The case of the day is Garcia v. Kerry (5th Cir. 2014). Ernesto Garcia applied to the State Department for a passport. He included with his application a Texas birth certificate purporting to show that he was born in Laredo, Texas. The State Department requested additional information, because, it said, The person who certified the brith, Emma Lopez, was “suspected of submitting false birth records.” (In fact, she pleaded guilty to falsifying a birth record a few years after Garcia’s birth). Garcia alleged that he never received the Department’s request for additional information. He sued for a declaratory judgment of citizenship by birth. The Department then denied his application, citing a Mexican birth certificate purporting to show that Garcia was born in Nuevo Laredo, Tamaulipas, Mexico.
The case was tried to the court. At the trial, Garcia offered his own testimony. He offered the testimony of his mother, a Mexican national, who said that she had traveled to Laredo on a shopping trip with a friend when nine months pregnant and had suddenly gone into labor. Her friend, who had used Lopez as a birth attendant before, took her to Lopez’s home, where she gave birth. Garcia also offered the testimony of his father, who said that the Mexican birth certificate was a forgery and that he had illegally procured it to allow him to transfer title of real property in Mexico to Garcia. Garcia offered a Mexican default judgment that had cancelled the Mexican birth certificate. An expert witness, Guillermo Alarcon, testified that Mexican birth certificates were “commonly procured in the 1970s by Mexican parents for their children born abroad, due to certain property ownership restrictions placed on dual citizens at the time.” Last, Garcia offered a certified copy of a determination by the Texas Bureau of Vital Statistics, which determined that Garcia had proved by a preponderance of the evidence that he was born in Texas notwithstanding the Mexican birth certificate and that he was therefore entitled to receive a certified copy of his birth certificate. (I’m going to refer to the Bureau as the “state court” or the “Texas court,” since no one in the case seems to have made an issue of the fact that the determination was administrative rather than judicial).
The judge found that Garcia had failed to carry his burden of proof and entered judgment for the government. On appeal, there were several arguments that the court easily brushed aside. The judge did not err by refusing to recognize the Mexican default judgment, because it was a default judgment that neither the State Department nor anyone else had had the opportunity to litigate. The judge did not err by refusing to credit the testimony of Alarcon, the expert, since the weight to be given to an expert witness’s testimony is solely for the finder of fact. And the judge did not err by questioning the credibility of Garcia’s parents’ testimony.
The two interesting questions, in my view, were, first, whether the Full Faith and Credit Clause required the judge to recognize the Texas determination that Garcia had proved his birth in Texas, and, second, whether the judge erred in relying on Lopez’s criminal conviction in discounting her certification.
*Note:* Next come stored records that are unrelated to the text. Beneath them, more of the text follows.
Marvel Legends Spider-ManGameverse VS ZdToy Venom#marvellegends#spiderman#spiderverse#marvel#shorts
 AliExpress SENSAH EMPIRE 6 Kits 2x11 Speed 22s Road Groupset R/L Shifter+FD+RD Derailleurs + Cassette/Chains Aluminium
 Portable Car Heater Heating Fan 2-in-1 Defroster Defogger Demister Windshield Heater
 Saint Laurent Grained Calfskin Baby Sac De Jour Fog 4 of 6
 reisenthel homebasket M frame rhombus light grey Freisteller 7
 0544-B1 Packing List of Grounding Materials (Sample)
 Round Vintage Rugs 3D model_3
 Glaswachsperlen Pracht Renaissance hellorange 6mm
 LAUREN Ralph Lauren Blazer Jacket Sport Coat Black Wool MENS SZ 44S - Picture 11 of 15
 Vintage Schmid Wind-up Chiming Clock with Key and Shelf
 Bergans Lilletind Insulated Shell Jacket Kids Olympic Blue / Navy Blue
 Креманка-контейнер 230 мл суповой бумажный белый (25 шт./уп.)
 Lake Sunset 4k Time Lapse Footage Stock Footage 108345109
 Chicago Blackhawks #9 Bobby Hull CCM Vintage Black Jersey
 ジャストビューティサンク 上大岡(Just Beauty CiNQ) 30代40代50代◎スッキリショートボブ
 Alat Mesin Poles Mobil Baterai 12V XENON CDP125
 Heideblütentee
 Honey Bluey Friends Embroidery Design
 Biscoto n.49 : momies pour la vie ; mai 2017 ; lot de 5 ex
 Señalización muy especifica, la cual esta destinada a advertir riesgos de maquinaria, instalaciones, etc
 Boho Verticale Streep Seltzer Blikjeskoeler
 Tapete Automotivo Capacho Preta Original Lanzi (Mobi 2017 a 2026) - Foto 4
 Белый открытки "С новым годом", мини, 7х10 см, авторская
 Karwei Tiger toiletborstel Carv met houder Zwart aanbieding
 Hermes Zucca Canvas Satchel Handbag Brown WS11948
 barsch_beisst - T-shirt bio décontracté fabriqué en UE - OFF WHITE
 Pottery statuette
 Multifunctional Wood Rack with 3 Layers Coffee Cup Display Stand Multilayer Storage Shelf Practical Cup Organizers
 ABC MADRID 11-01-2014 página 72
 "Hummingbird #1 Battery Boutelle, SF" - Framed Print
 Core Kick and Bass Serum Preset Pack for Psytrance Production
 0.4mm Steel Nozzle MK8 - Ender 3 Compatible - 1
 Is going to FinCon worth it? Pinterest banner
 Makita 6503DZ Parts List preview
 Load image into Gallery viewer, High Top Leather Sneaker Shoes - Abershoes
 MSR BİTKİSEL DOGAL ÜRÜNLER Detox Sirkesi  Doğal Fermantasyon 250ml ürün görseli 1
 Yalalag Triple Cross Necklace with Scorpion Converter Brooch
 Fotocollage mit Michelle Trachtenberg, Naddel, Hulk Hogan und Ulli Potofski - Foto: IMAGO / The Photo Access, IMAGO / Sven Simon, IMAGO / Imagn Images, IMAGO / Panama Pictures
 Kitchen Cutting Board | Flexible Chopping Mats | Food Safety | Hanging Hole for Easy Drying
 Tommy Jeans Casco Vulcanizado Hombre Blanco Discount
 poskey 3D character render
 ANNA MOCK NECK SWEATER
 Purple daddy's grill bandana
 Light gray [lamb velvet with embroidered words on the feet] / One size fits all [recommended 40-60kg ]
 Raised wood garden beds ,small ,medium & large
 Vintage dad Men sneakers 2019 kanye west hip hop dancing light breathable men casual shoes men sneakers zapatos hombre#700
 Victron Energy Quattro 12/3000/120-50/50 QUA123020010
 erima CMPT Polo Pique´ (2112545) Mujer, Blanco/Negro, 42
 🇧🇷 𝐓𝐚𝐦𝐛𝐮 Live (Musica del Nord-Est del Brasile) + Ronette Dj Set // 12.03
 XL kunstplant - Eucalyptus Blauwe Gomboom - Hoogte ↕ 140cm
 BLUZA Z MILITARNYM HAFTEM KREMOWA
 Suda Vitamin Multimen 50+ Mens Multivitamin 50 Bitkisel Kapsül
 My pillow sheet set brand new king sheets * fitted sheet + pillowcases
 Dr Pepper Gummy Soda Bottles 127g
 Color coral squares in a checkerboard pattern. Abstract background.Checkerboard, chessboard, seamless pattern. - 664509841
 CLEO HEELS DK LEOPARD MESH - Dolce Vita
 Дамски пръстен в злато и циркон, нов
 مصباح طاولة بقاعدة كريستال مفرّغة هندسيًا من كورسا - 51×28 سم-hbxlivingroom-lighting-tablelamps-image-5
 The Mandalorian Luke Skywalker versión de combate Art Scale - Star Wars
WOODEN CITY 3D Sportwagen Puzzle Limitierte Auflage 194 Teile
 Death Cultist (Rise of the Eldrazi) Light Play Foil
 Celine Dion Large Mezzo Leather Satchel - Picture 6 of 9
I am only going to address the first, as the second raises only ordinary issues of the law of evidence.
To set the stage: under the Constitution, “Full faith and credit shall be given in each state to the public acts, records, and judicial proceedings of every other state.” This clause doesn’t apply when the question is the effect a federal court must give a state court proceeding. However, by statute (28 U.S.C. § 1738):
The records and judicial proceedings of any court of any such State, Territory or Possession … shall have the same full faith and credit in every court within the United States and its Territories and Possessions as they have by law or usage in the courts of such State, Territory or Possession from which they are taken.
The statute reaches further than the Constitution and requires federal courts to give full faith and credit to state-court decisions. But according to the Fifth Circuit, the statute didn’t apply, because Congress had plenary power over immigration matters, and the question of Garcia’s nationality was a question of federal law that could not be controlled by the decision of a state court.
Really? The precedent the court cited, Bustamante-Barrera v. Gonzales, stands for the proposition that a federal court need not give binding effect to a state court’s nunc pro tunc modification of a divorce decree that was intended to ensure that the divorced couple’s child would be entitled to claim derivative citizenship. Fair enough. But is this case really like that case? There, the state court decision in question was not a finding of fact, but rather a conclusion of law about which parent should have legal custody of the child; and the decision was modified retroactively, for the express purpose of changing the outcome of the question of the child’s citizenship. These factors aren’t present here. Here, the state court made a finding of fact, which the federal court proceeded to ignore. Consider an analogy: suppose the issue was whether a marriage between a US national and an alien was a bona fide marriage for purposes of US immigration law. It seems to me sensible that a federal court cannot be bound by a state court decision as to the bona fides of the spouses, but it seems less clear that if a state court found that the marriage ceremony actually took place, the federal court should be free to disregard that finding of fact.
Yes, immigration law is federal law, but if a state court finds a fact that happens to have a bearing on the outcome of a federal immigration law proceeding, it’s not clear to me that the full faith and credit statute shouldn’t apply. At least it’s fair to say the Fifth Circuit hasn’t made a very convincing argument for its position.